- _What is needed_
With the pictures omitted, repeat exactly the lines below starting with the line that has "Dan Goodman is" and going on through the line that has "Getting ready for".
======== Task inputs ========
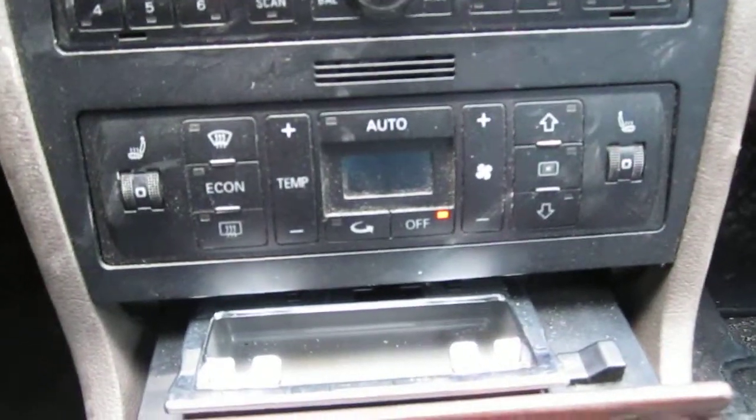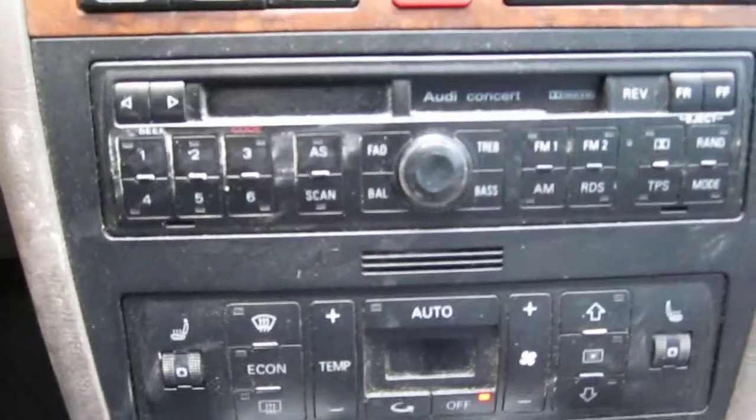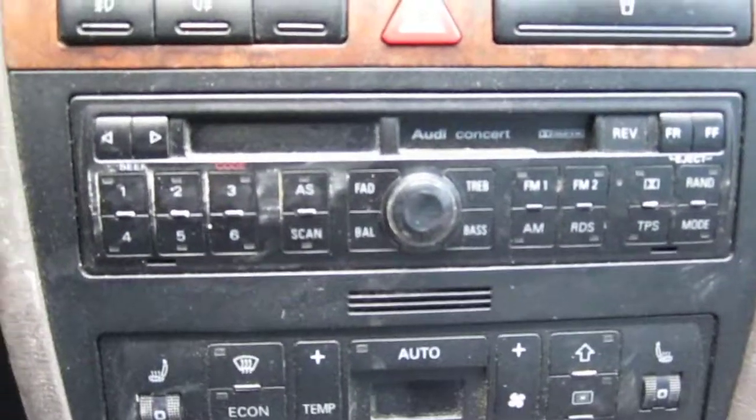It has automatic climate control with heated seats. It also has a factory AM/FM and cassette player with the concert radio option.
========
======== Task inputs ========
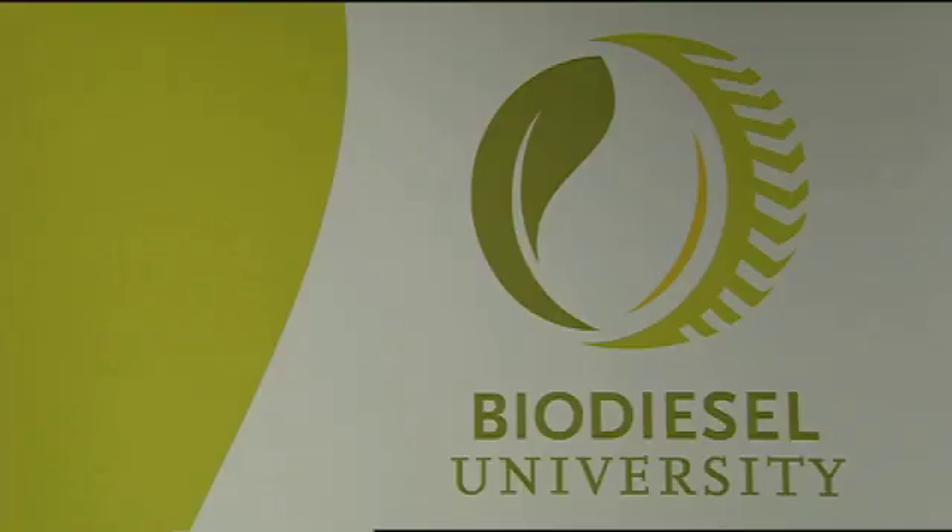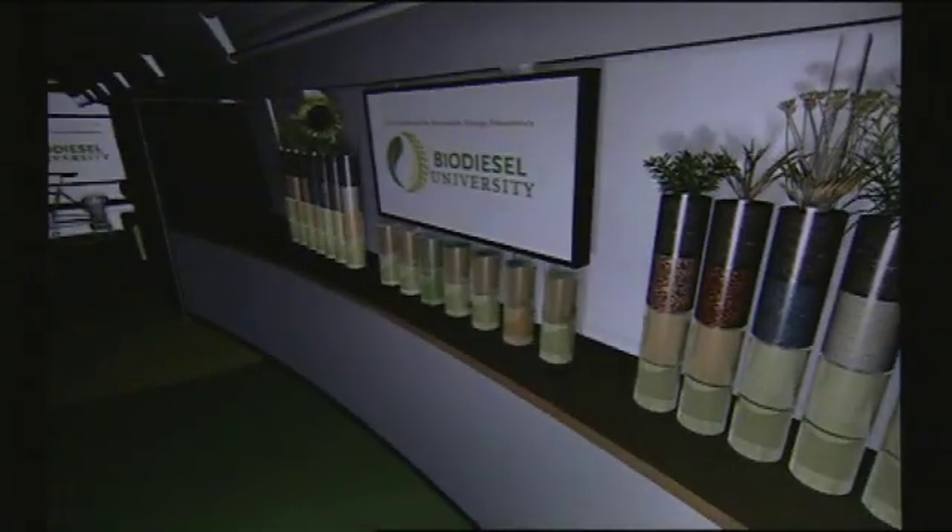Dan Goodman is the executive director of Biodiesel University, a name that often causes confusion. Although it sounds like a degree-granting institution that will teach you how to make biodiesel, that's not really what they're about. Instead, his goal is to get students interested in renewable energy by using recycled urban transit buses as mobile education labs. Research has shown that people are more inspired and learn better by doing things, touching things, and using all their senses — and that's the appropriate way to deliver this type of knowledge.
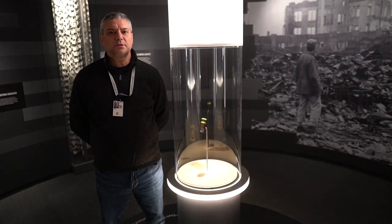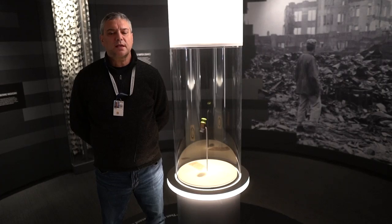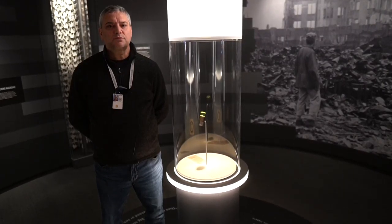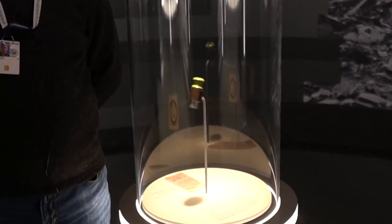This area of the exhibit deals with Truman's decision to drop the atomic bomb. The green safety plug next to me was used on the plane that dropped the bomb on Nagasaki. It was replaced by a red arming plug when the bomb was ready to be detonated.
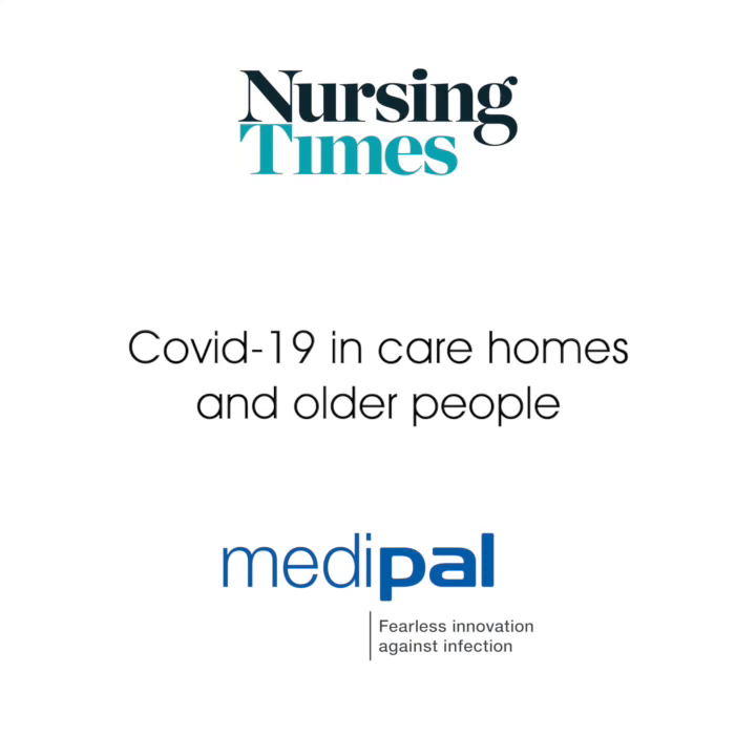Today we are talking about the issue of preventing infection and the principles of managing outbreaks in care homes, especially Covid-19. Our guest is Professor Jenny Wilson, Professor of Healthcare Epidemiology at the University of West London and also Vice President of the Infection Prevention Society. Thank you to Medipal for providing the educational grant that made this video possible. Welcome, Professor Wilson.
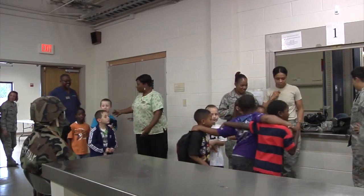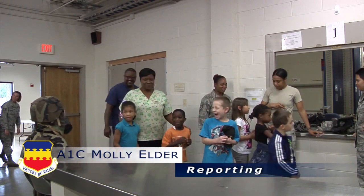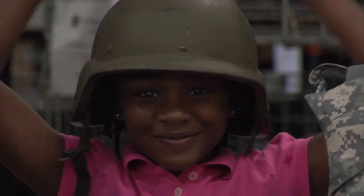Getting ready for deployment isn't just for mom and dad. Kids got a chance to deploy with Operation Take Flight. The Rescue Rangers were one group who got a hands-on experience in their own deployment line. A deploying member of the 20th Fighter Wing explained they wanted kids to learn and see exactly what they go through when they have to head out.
========
- _Result_
Dan Goodman is the executive director of Biodiesel University, a name that often causes confusion. Although it sounds like a degree-granting institution that will teach you how to make biodiesel, that's not really what they're about. Instead, his goal is to get students interested in renewable energy by using recycled urban transit buses as mobile education labs. Research has shown that people are more inspired and learn better by doing things, touching things, and using all their senses — and that's the appropriate way to deliver this type of knowledge.
This area of the exhibit deals with Truman's decision to drop the atomic bomb. The green safety plug next to me was used on the plane that dropped the bomb on Nagasaki. It was replaced by a red arming plug when the bomb was ready to be detonated.
Today we are talking about the issue of preventing infection and the principles of managing outbreaks in care homes, especially Covid-19. Our guest is Professor Jenny Wilson, Professor of Healthcare Epidemiology at the University of West London and also Vice President of the Infection Prevention Society. Thank you to Medipal for providing the educational grant that made this video possible. Welcome, Professor Wilson.
Getting ready for deployment isn't just for mom and dad. Kids got a chance to deploy with Operation Take Flight. The Rescue Rangers were one group who got a hands-on experience in their own deployment line. A deploying member of the 20th Fighter Wing explained they wanted kids to learn and see exactly what they go through when they have to head out.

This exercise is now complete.